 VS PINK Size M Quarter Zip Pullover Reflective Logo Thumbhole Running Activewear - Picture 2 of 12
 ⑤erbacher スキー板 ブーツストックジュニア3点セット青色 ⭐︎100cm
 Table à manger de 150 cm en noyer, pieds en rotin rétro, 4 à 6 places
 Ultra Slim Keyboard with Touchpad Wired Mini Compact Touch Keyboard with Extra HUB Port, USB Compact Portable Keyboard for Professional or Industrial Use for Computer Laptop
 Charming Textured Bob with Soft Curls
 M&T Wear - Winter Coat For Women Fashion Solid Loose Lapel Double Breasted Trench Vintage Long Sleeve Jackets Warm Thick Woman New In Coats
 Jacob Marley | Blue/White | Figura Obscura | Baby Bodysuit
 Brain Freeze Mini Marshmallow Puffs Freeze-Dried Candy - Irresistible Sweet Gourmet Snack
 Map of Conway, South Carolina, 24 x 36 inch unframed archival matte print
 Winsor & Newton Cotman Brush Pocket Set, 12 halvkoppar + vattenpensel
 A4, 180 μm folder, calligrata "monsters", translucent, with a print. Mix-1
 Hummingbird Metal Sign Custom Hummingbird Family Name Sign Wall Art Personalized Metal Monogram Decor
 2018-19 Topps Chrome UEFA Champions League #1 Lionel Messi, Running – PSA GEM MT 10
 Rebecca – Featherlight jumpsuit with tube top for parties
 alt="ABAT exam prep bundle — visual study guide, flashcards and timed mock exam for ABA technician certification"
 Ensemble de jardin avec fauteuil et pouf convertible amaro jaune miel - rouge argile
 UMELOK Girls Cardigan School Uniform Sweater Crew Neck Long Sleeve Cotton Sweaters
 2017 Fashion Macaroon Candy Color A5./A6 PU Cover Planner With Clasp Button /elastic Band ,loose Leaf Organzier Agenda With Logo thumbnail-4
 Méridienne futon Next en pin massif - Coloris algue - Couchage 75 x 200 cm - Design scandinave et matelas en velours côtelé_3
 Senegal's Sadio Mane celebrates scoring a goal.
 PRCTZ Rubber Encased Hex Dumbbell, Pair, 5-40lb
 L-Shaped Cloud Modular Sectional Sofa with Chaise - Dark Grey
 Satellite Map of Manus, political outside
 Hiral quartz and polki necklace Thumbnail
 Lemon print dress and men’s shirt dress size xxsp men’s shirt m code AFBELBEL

▶ _Task description_: Print only the lines that run from the start of the listing to the line bearing "Map of Conway, South"; please keep the first line and that last one, exactly as they appear.

▶ _Reply_:
 VS PINK Size M Quarter Zip Pullover Reflective Logo Thumbhole Running Activewear - Picture 2 of 12
 ⑤erbacher スキー板 ブーツストックジュニア3点セット青色 ⭐︎100cm
 Table à manger de 150 cm en noyer, pieds en rotin rétro, 4 à 6 places
 Ultra Slim Keyboard with Touchpad Wired Mini Compact Touch Keyboard with Extra HUB Port, USB Compact Portable Keyboard for Professional or Industrial Use for Computer Laptop
 Charming Textured Bob with Soft Curls
 M&T Wear - Winter Coat For Women Fashion Solid Loose Lapel Double Breasted Trench Vintage Long Sleeve Jackets Warm Thick Woman New In Coats
 Jacob Marley | Blue/White | Figura Obscura | Baby Bodysuit
 Brain Freeze Mini Marshmallow Puffs Freeze-Dried Candy - Irresistible Sweet Gourmet Snack
 Map of Conway, South Carolina, 24 x 36 inch unframed archival matte print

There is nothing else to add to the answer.